With the continuing move toward online selling and Internet marketing, lately I've been receiving many newsletters referencing "building trust." What is trust? Why is it important? Moreover, if it's that important, how do I get it?
Tons of business books suggest that building relationships with your customer both offline and online is important. But what constitutes a business relationship? Do I have to like people and be their friend before they'll buy from me?
These questions are crucial to all sizes of business and all types of sales, whether you're selling a product or service, selling directly or via the Web. But entrepreneurs who don't yet have brand name recognition within their market face a few unique challenges.
Challenge #1: Before you sell your product or service, you have to sell you. Long ago, salespeople subscribed to a concept of multiple tiny purchases called the "series of decisions" sales model. They were taught to get minor commitments throughout the sales process that edged the prospect closer and closer to a purchase decision. Today, if the prospect doesn't know who you are and what you represent, a salesperson may never get the chance to ask for any kind of commitment. The first job is to earn the right to communicate with a potential customer.
Challenge #2: Your prospect's time is limited. Starting out any new relationship is hard. Starting out without a proven name or brand behind you is close to impossible. Look at your e-mail inbox this morning. There's a constant and never-ending flow of requests for your time . from sources you've never heard of.
Things don't get any better away from the office.
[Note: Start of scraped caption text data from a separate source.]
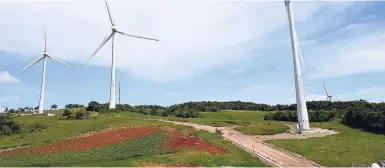  ?? FILE ?? The 50-foot wind turbines at Wigton Wind Farm in Rose Hill, south Manchester. Wigton has commission­ed Caribbean Maritime University to build a drone that can be used to inspect the turbines.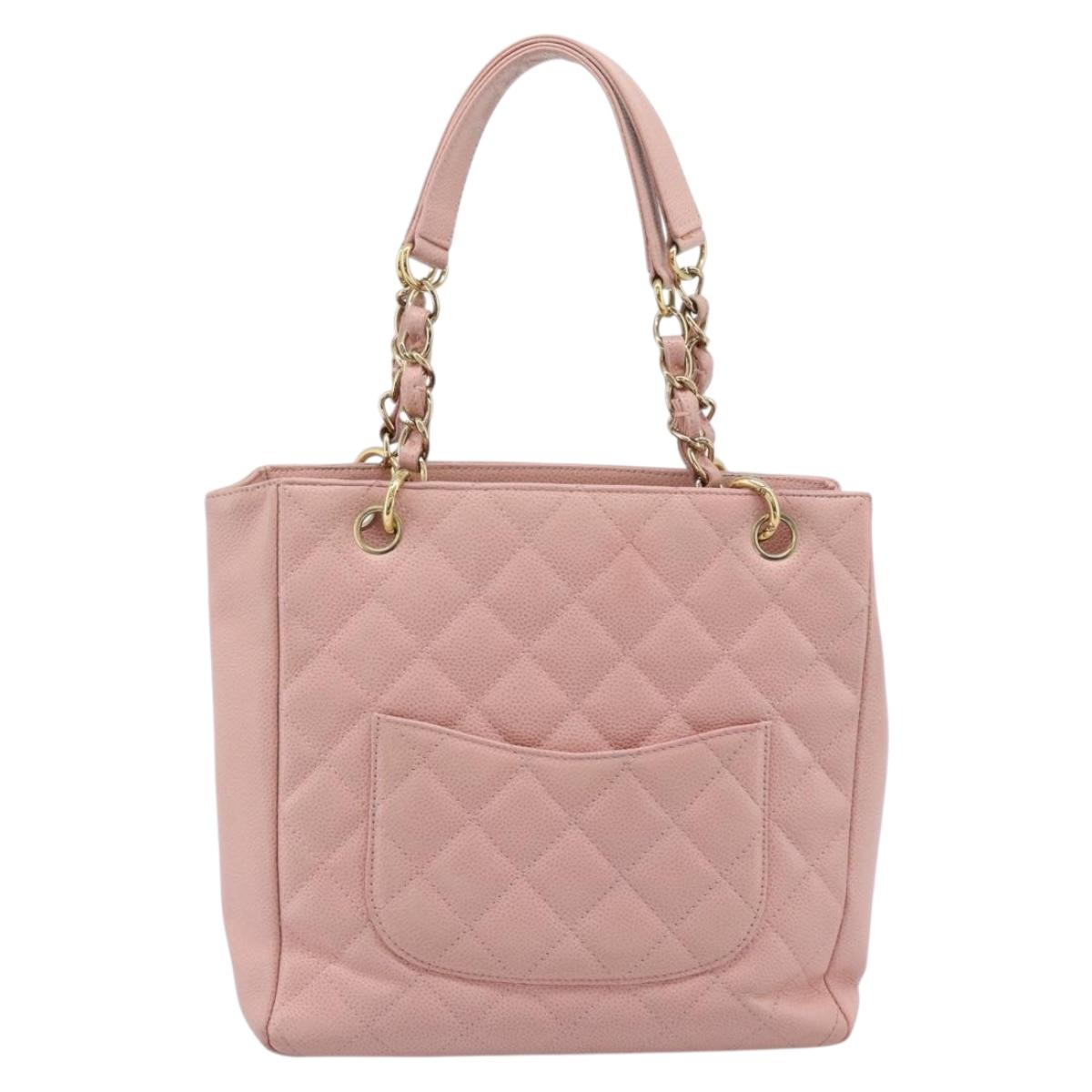 CHANEL Matelasse PST Chain Tote Bag Caviar Skin Pink Gold CC Auth 187119SAV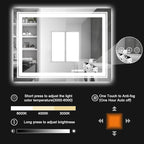 LED Bathroom Mirror, 84"x40" with Front and Backlit, Anti-Fog, Large Bathroom Vanity Mirror for Wall, Memory Function, Stepless Dimmable, Tempered Glass (Horizontal/Vertical)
We all have hectic schedules that place huge demands on our attention and limit the amount of energy and interest we give each other.
Challenge #3: Everyone wants guaranteed results. Relationships are successful because both parties are comfortable with the expected outcome. When someone buys from companies like Dell, IBM, Nike, Taco Bell, Hertz, Budget and so on, they already know what they're getting before they agree to purchase. They've been conditioned over time. We know that "if it absolutely has to be there," we're going to call Fed Ex.
If you and I expect a guarantee of service from the people with whom we do business, it stands to reason that the people you sell to would expect the same. How do they know what you'll actually provide in the way of service? Is your product going to do what you say it will? For a small business or service provider, it's sometimes tough to make these claims.